* The task *
The range to repeat runs from the line with "YLEVE / POLYESTER RAMIE SHEER KNIT PULL OVER" to the last line below, both ends included; give it exactly and without pictures.

★ ★ ★ ★ ★

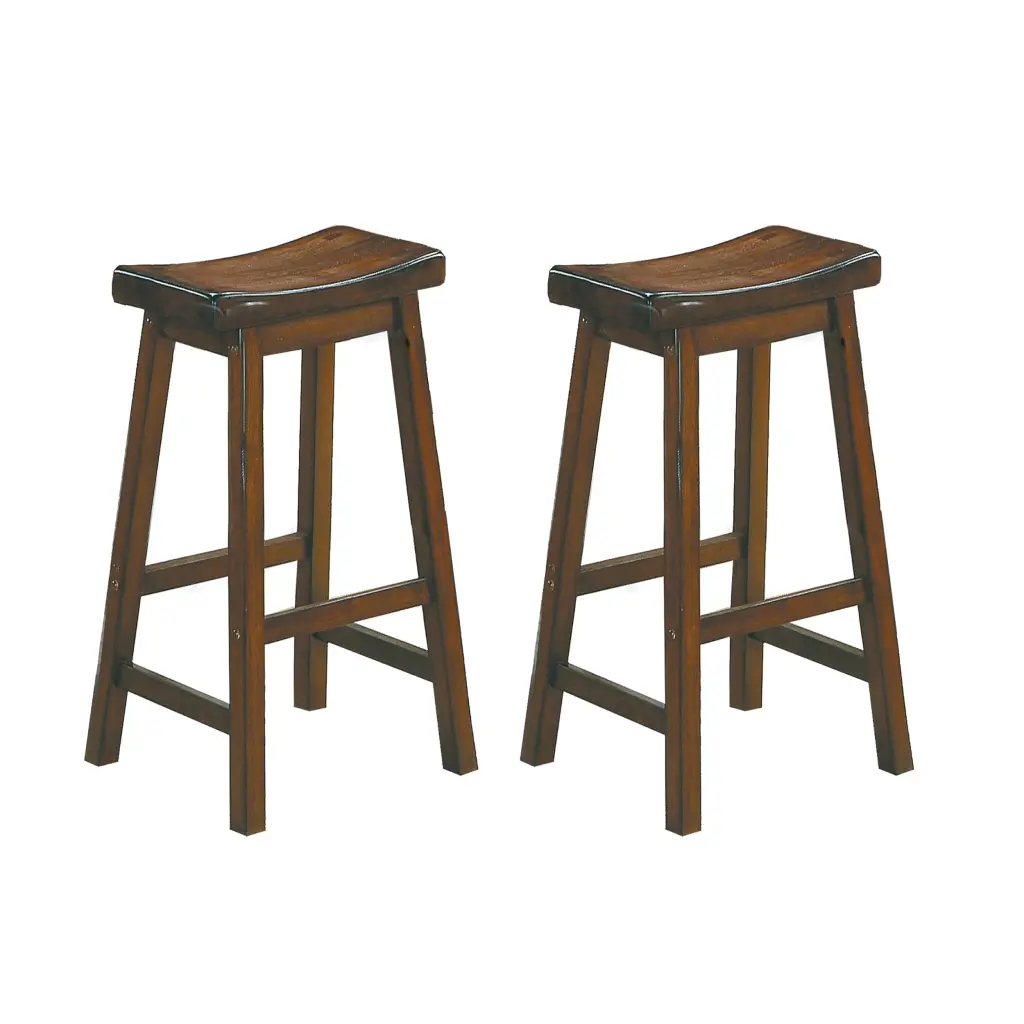 29 Inch Bar Height Stools 2Pc Set Saddle Seat Solid Wood Cherry Finish kanepe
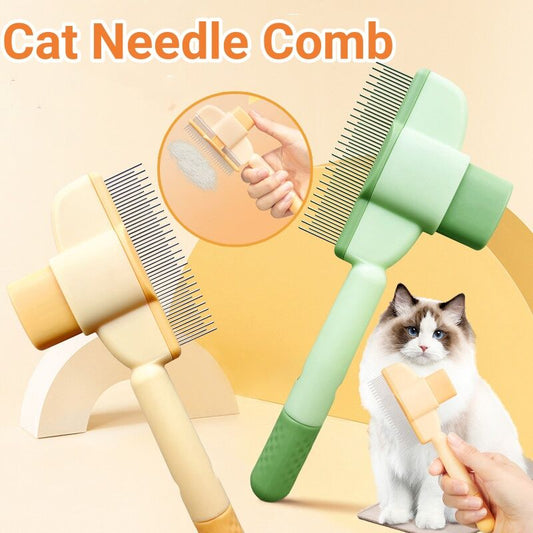 KFX-0525117 Dual-Length Self-Cleaning Pet Comb for Dogs and Cats, Durable Grooming Tool with Rounded Teeth
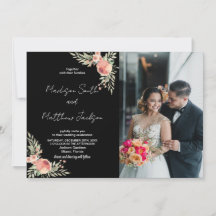Florals on Black Theme Wedding Einladungen w Foto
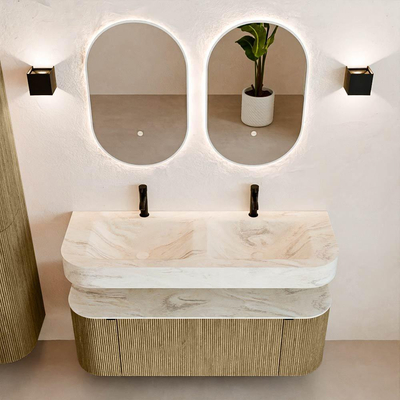 MONDIAZ THOR-DLUX 130cm meuble de salle de bains arrondi gauche + droite couleur Dusk avec 1 tiroir et 2 portes. Vasque suspendue CLOUD Double 2 trous de robinet couleur Ostra.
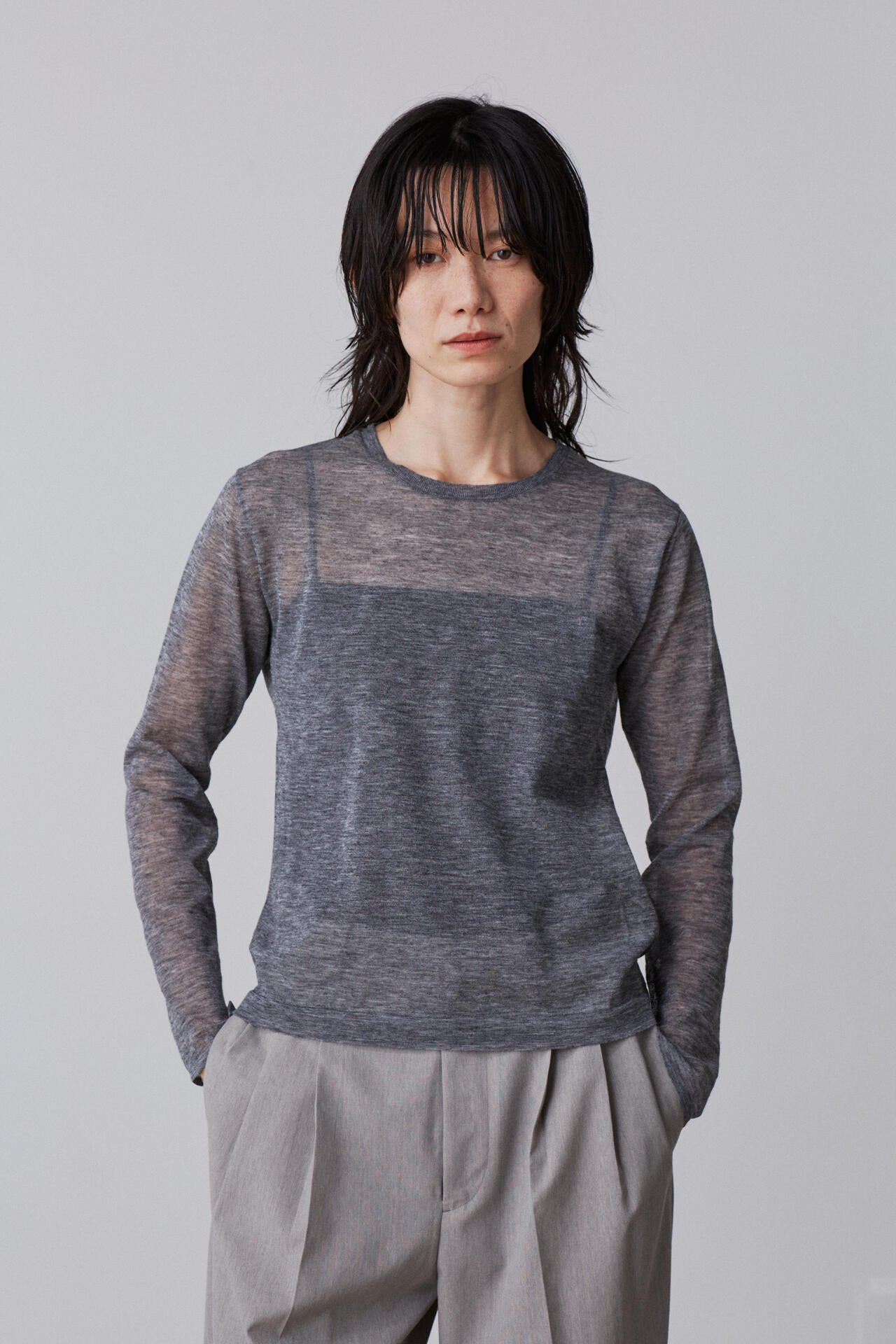 YLEVE / POLYESTER RAMIE SHEER KNIT PULL OVER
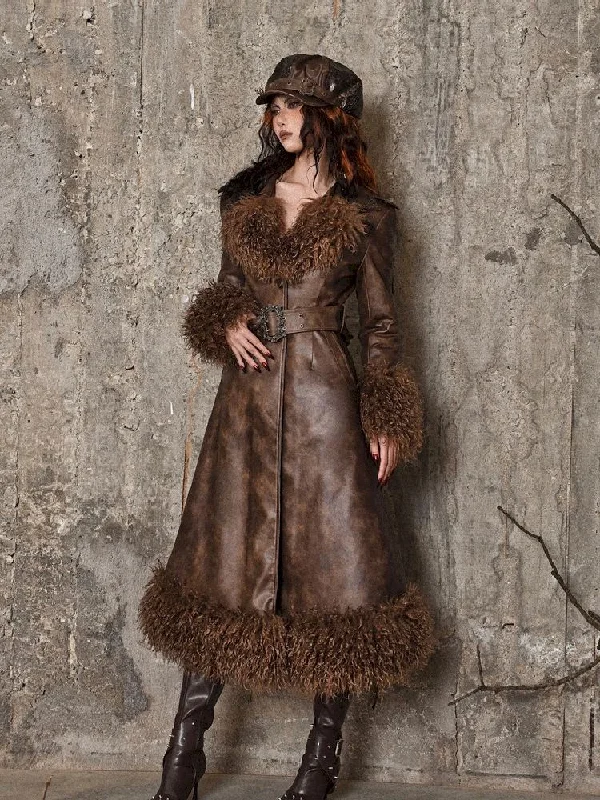 Steampunk Fur Leather Coat Bomber Denim Leather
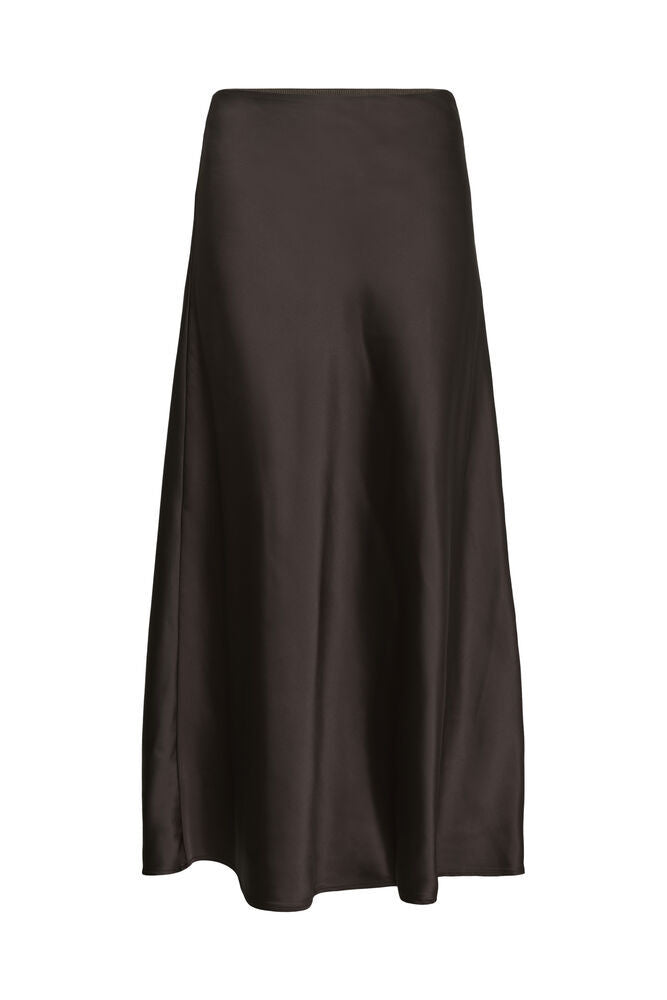 Soaked in Luxury Anna Satin-Look Midi Skirt in Ganache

★ ★ ★ ★ ★

* Answer for this exercise *
 YLEVE / POLYESTER RAMIE SHEER KNIT PULL OVER
 Steampunk Fur Leather Coat Bomber Denim Leather
 Soaked in Luxury Anna Satin-Look Midi Skirt in Ganache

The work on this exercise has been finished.